The one shut the outside door. The other stayed close to him, and stood by while he did what he’d complained he needed to, and washed his hands and desperately measured his chances against them. It had been a long time since he’d studied martial arts, a long time since he’d last worked out, and not so long for them, he was certain of that. He walked back toward the door in the hope the one would make the mistake of opening it in advance of him—the man didn’t, and that moment of transition was the only and last chance. He jabbed an elbow into the man at his left, tried to come about for a kick to clear the man from the door, and knew he was in trouble the split second before he found his wrist and his shoulder twisted around in a move that could break his arm.

“All right, all right,” he gasped, then had the unforgiving stone wall against the side of his face and found the breath he desperately needed to draw brought that trapped arm closer to breaking.

A lot of breathing then, theirs, his. The venue didn’t lend itself to complex reasoning, or argument about anything but the pain. He felt a cord come around his wrist, worse and worse, and he made another try at freeing himself as the one man opened the bathroom door. But the cord and the twist and lock on his arm gave the other guard a compelling argument.

He went where they wanted: it was all he could do—a short walk down the hall and to a doorway with lamplit stone steps leading downward to a basement he hadn’t known existed in Malguri. “I want to talk to Banichi,” he said at the top step, and balked.

Which convinced him they had no idea of the fragility of human joints and the guard was imminently, truly going to break the arm. He tried to take the step and missed it, lost his balance completely, and the guard shoved him along regardless, using the arm for leverage until he got his feet marginally under him and made the next several steps down on his own. Vision blurred, a teary haze of lamplight from a single hanging source. Stone walls, no furniture but that solitary, hanging oil lamp and a table and chair. Thunder shook the stones, even this deep into the rock, seeming like a last message from the outside world. There was another doorway, open on a dark corridor. They shoved him at it.

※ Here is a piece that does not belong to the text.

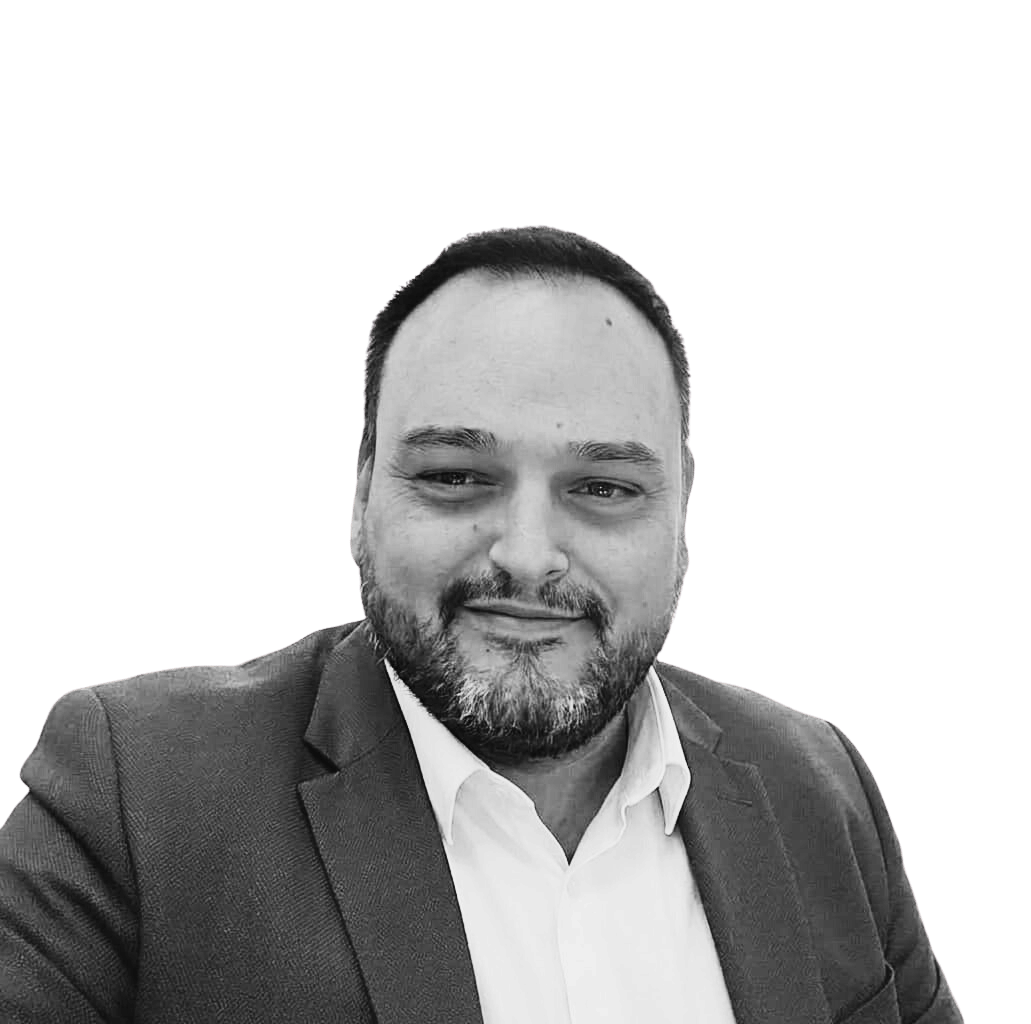 Alejandro Adán director de operaciones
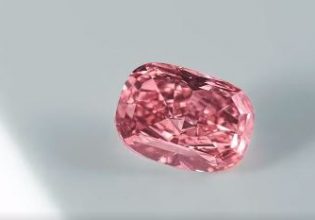 Στο σφυρί το δεύτερο μεγαλύτερο ροζ διαμάντι – Η τιμή ρεκόρ που αναμένεται να «χτυπήσει»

There wasn’t any help. Unless Banichi was on some side of this he couldn’t figure, there wasn’t going to be any. He’d lost his best bid, thrown it away in a try at fighting two atevi hand to hand—but if he could get leverage to get free… before they could get a door shut on him—and he could get the door behind them shut—

It wasn’t a good chance. It wasn’t any chance. But he was desperate as they took him aside, through a door into a dark cell with no light except from the room down the hall. He figured they meant to turn him loose here, and he prepared to come back at them, duck low and see if he could get past them.

But when the guard let go, he kept the wrist cord, swung him about by that and backed him against the wall while his fellow grabbed the other arm. He kicked and got a casual knee in the gut for his trouble, the atevi having their hands full.

“Don’t,” that one said, while he was trying to get his wind back. “No more, do you hear me?”